Barristerblogger hates people who say “I told you so,” but I told you so. Theresa May’s Child Sex Abuse Inquiry has been heading for disaster since it was established. It still is. After two appointments of unsuitable Chairwomen and two embarrassing resignations, if the Home Secretary cannot make it third time lucky then it will be her own resignation that will be demanded.
Apart from her blunders over these appointments, her other mistake was to announce an inquiry without clearly setting out what it was going to inquire into. The Terms of Reference ought to have come before, rather than after the appointment of the panel. The result has been utter confusion about how the inquiry will operate.
Even now she is going about matters the wrong way round. Before she appoints the next Chair she must be clear about what sort of inquiry this is going to be. Is it going to hear evidence and make findings of fact? Or is it simply going to review documentation from previous inquiries? Most people assume that it is the former. Mrs May seems to believe it is the latter. She needs to make it clear.
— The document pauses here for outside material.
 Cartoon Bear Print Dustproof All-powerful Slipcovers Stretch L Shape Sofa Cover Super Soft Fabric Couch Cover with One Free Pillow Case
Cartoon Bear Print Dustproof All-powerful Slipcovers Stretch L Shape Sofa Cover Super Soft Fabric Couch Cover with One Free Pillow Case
So there are two particularly pressing problems that she needs to deal with: the composition of the panel, and its Terms of Reference.
Composition of the panel
It seems very unlikely that Woolf was the first or even second choice to replace Butler-Sloss. Many of the most obvious candidates will have been passed over for a good reason. No Home Secretary in her right mind, for example, would have preferred Woolf to the experienced and greatly respected criminal specialist Lady Justice Hallett who chaired the 7/7 bombings inquest so sensitively. One must assume that she was not available or that she declined the opportunity.
Anyone who declined the appointment originally will not have changed their minds after events of recent days. Quite apart from the Herculean scale of the task, it would be quite an unusual person who is willing – as a potential Chairman or woman would have to be – to open up their private life for investigation both by the Daily Mail and by Keith Vaz, Parliament’s most oleaginous popinjay.
So a replacement for Woolf is going to be even harder to find. The pool of those who are both prepared to do the job, and up to it, is extremely small. So far the only person prepared to announce his willingness to take it on is the left wing barrister Michael Mansfield QC, who would be an even more astonishing and disastrous choice than Woolf.
But the Chairman is not the only problem. There is at least one other member of the panel, Graham Wilmer MBE who is, through no fault of his own, a wholly inappropriate member of what is meant to be an impartial panel.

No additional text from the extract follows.